Muzakki (wajib zakat) zakat profesi bisa saja perorangan, lembaga, ataupun keduanya. Sebuah perusahaan yang pada tutup tahun buku mencatat asset (misalnya) 1 milyar, wajib mengeluarkan zakat 2,5%. Demikian juga bagi pekerjanya yang bergaji melebihi batas nisab.
Para ulama telah sepakat bahwa zakat diwajibkan hanya bagi orang Islam sebagaimana dikemukakan Rasulullah SAW kepada Muadz bin Jabal sesaat sebelum sahabat nabi ini pergi ke Yaman, "Jika mereka telah mengucapkan dua kalimat syahadat dan mengerjakan shalat, beritahukan kepada mereka bahwa Allah SWT telah mewajibkan zakat kepada mereka." Dengan demikian, jika Anda bekerjasama dengan orang non muslim maka yang wajib dizakati adalah hanya harta (penghasilan) Anda saja.
Perbedaan Biaya Hidup
Assalamu'alaikum Wr. Wb. Berapakah nilai zakat dari penghasilan yang wajib dikeluarkan, mengingat sangat beragamnya "biaya hidup" wajar (UMR) yang berlaku di Indonesia?
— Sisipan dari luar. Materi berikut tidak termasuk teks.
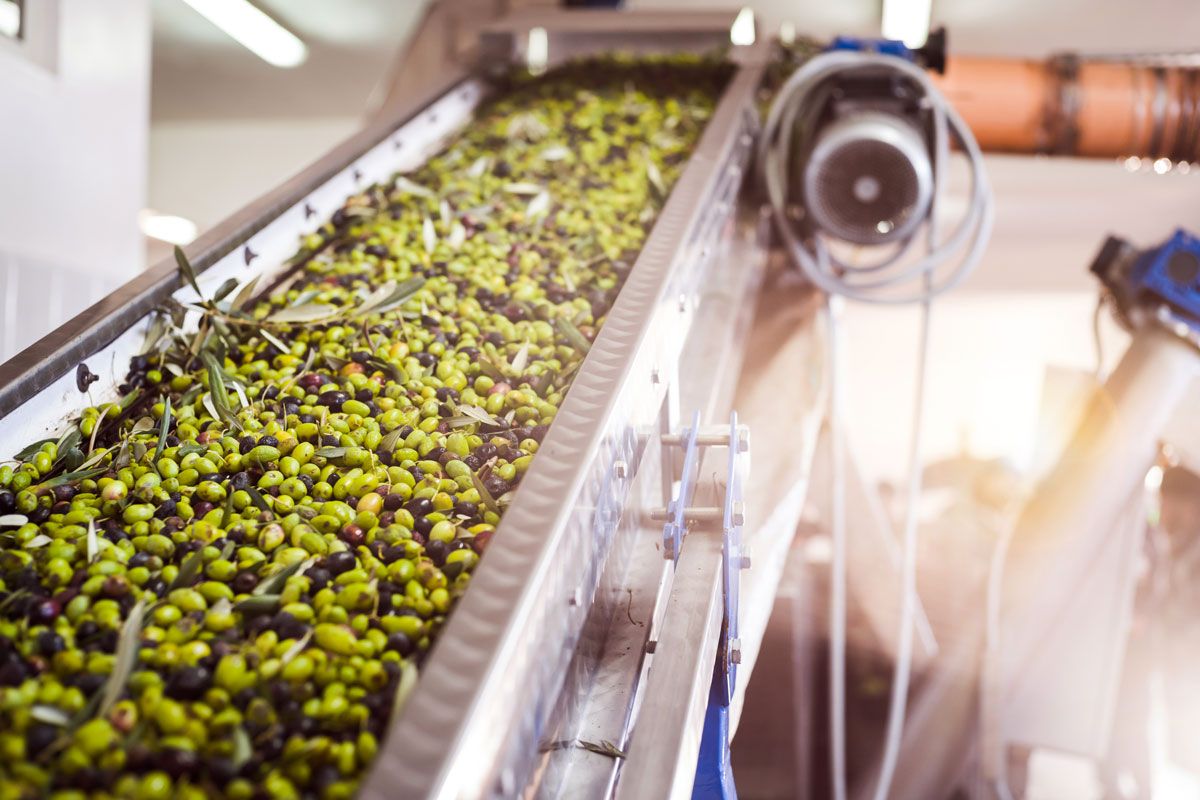 Olio, l’allarme dei frantoiani calabresi: «Rischio stop ai ritiri delle olive, servono interventi immediati»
Seandainya penghasilan kotor tersebut masih kita simpan (tidak/belum dipakai), dapatkah dibayarkan zakatnya pada tahun berikutnya? Ataukah kita bayar zakat maal-nya saja?
Wassalam
Farichin, Palembang
Jawab:
Ukuran baku nisab adalah 85 gr emas. Jika dikonversikan pada rupiah tentu sangat bergantung pada harga emas tersebut. Jika harga 1 gram emas, misalnya, Rp 20.000 maka batasan nisab adalah 85 x Rp 20.000 = Rp 1.700.000. Jika pendapatn seseorang setelah dikurangi kebutuhan pokok selama satu tahun senilai dengannya atau lebih banyak, maka wajib mengeluarkan zakatnya sebesar 2,5%.
Demikian pula penentuan kebutuhan pokok secara wajar, mungkin bisa berbeda antara satu daerah dengan daerah lainnya, atau antara satu negara dan negara lainnya. Itu sangat bergantung pada harga kebutuhan pokok tersebut. Mungkin kriteria muzakki (wajib zakat) di Jakarta (yang harga-harga relatif lebih mahal) akan berbeda dengan yang tinggal di daerah (yang relatif lebih murah).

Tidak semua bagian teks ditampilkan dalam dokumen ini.